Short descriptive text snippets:
* * * *
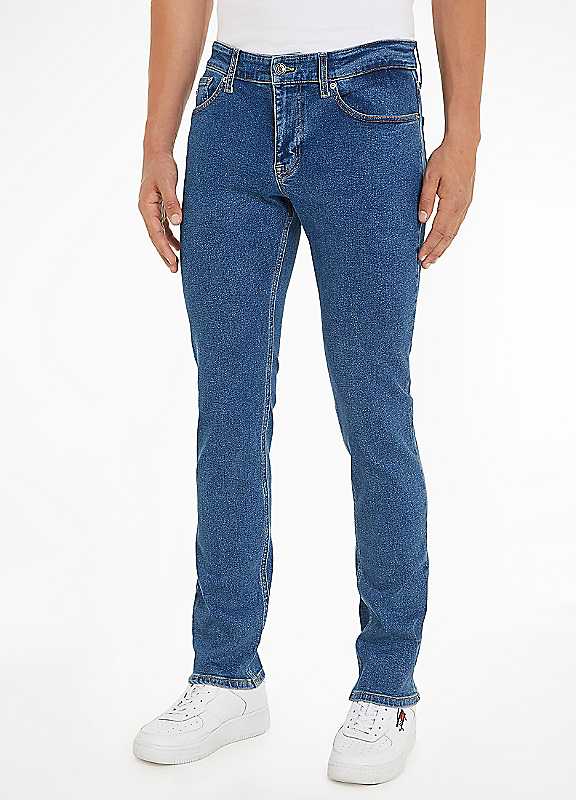 Tommy Jeans Blue Scanton Slim Fit Jeans Small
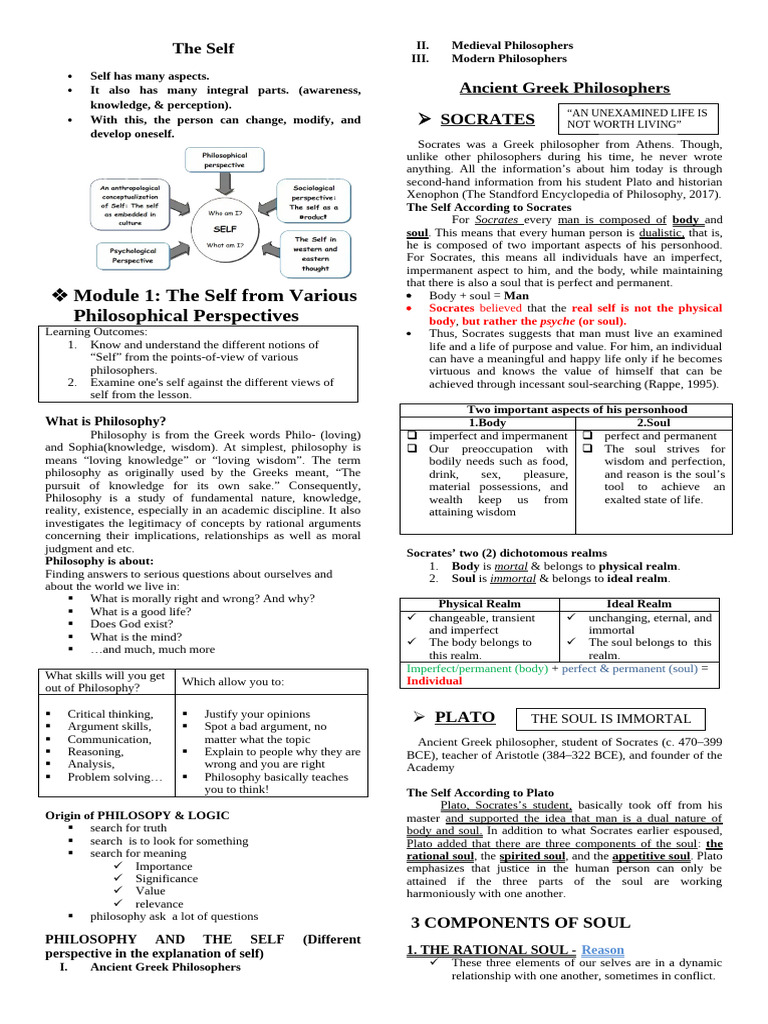 Three Components of the Soul | PDF | Id | Soul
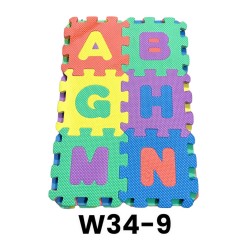 W34-9 حروف وارقام انجليزي فوم 12*12 W34-9 حروف وارقام انجليزي فوم 12*12
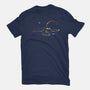 Trough The Universe-Womens-Fitted-Tee-sebasebi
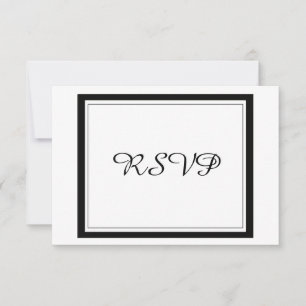 RSVP de Casamento de Borda Negra Clássica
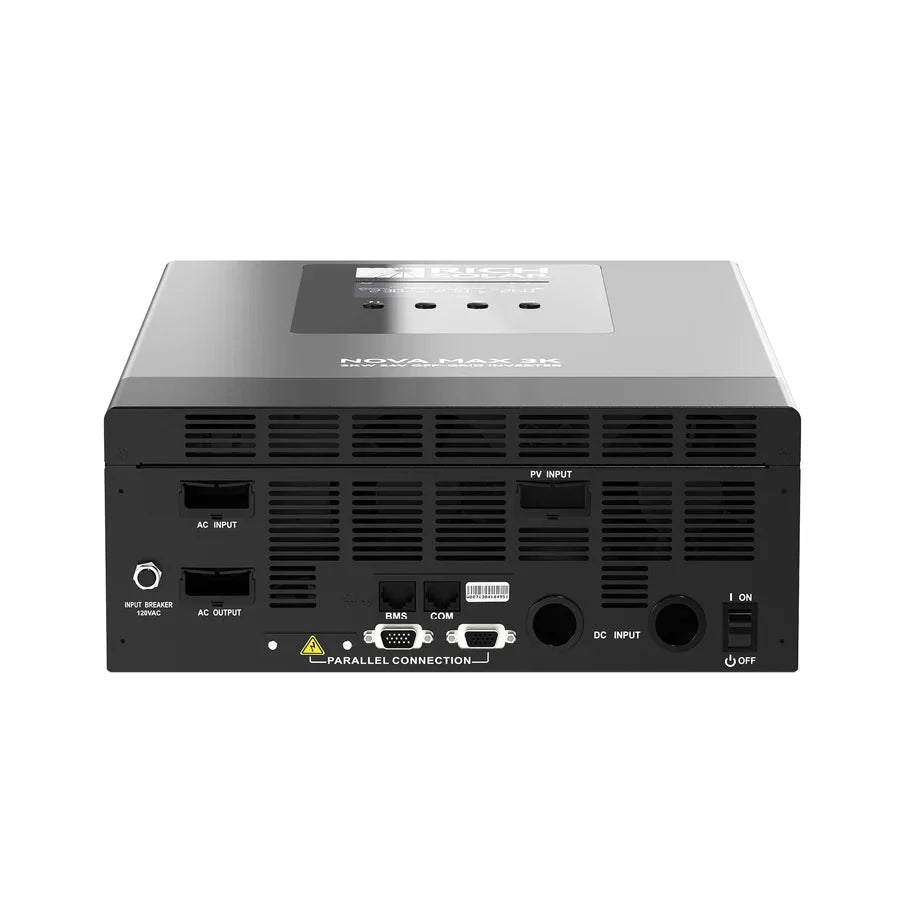 Rich Solar NOVA MAX 3K 2026 24V 3000W Off-Grid Hybrid Inverter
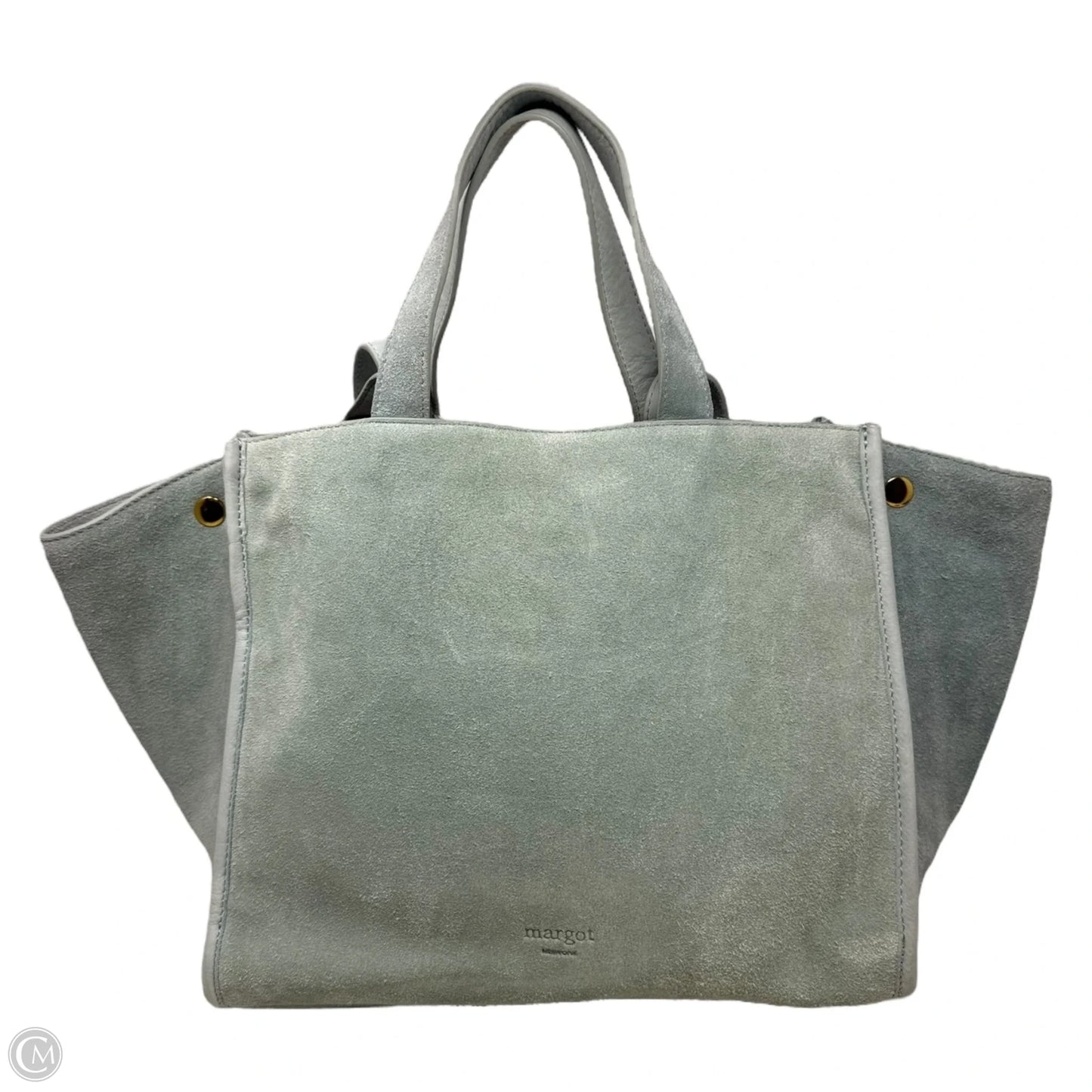 Jamee Suede Double Handle Handbag Leather By Margot, Size: Medium
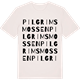 Vintage White t-shirt med Pilgrimsmossen ordlek t-shirt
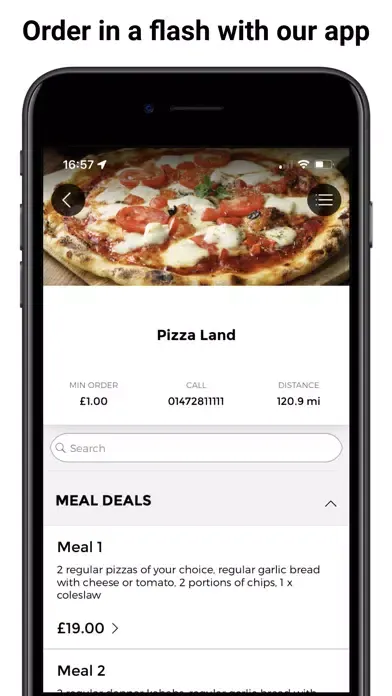 Pizza Land Restaurant App スクリーンショット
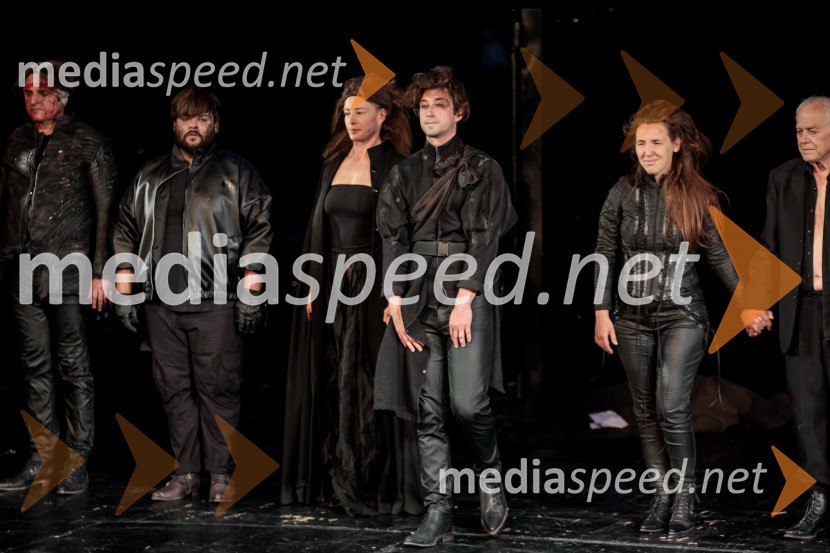  Gorazd Jakomini, igralec ;  Jakob Šfiligoj, igralec;  Medea Novak, igralka;  Žiga Udir, igralec;  Patrizia  Jurinčič Finžgar, igralkaKralj Lear, premiera v SNG Nova Gorica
* * * *
### WHAT THE TASK REQUIRES:
All entries must be written out again exactly as given, with no pictures in the copy.

### RESULT FOR THIS EXERCISE:
 Tommy Jeans Blue Scanton Slim Fit Jeans Small
 Three Components of the Soul | PDF | Id | Soul
 W34-9 حروف وارقام انجليزي فوم 12*12 W34-9 حروف وارقام انجليزي فوم 12*12
 Trough The Universe-Womens-Fitted-Tee-sebasebi
 RSVP de Casamento de Borda Negra Clássica
 Rich Solar NOVA MAX 3K 2026 24V 3000W Off-Grid Hybrid Inverter
 Jamee Suede Double Handle Handbag Leather By Margot, Size: Medium
 Vintage White t-shirt med Pilgrimsmossen ordlek t-shirt
 Pizza Land Restaurant App スクリーンショット
  Gorazd Jakomini, igralec ;  Jakob Šfiligoj, igralec;  Medea Novak, igralka;  Žiga Udir, igralec;  Patrizia  Jurinčič Finžgar, igralkaKralj Lear, premiera v SNG Nova Gorica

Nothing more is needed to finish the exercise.